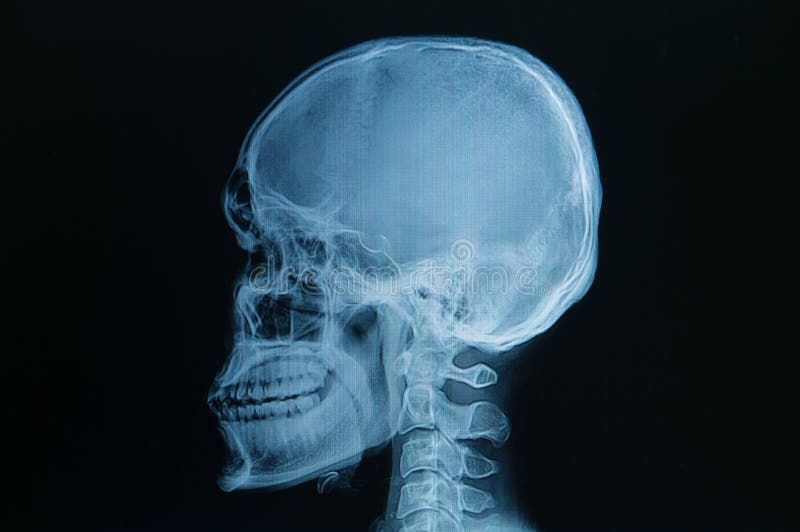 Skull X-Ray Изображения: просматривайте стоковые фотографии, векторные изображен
+++
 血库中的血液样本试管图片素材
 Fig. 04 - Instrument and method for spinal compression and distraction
+++
• Exercise:
After locating the line with "血库中的血液样本试管图片素材" in the material above, return it and each line after it exactly, ending at the line with "Fig. 04 - Instrument".

• Written response:
 血库中的血液样本试管图片素材
 Fig. 04 - Instrument and method for spinal compression and distraction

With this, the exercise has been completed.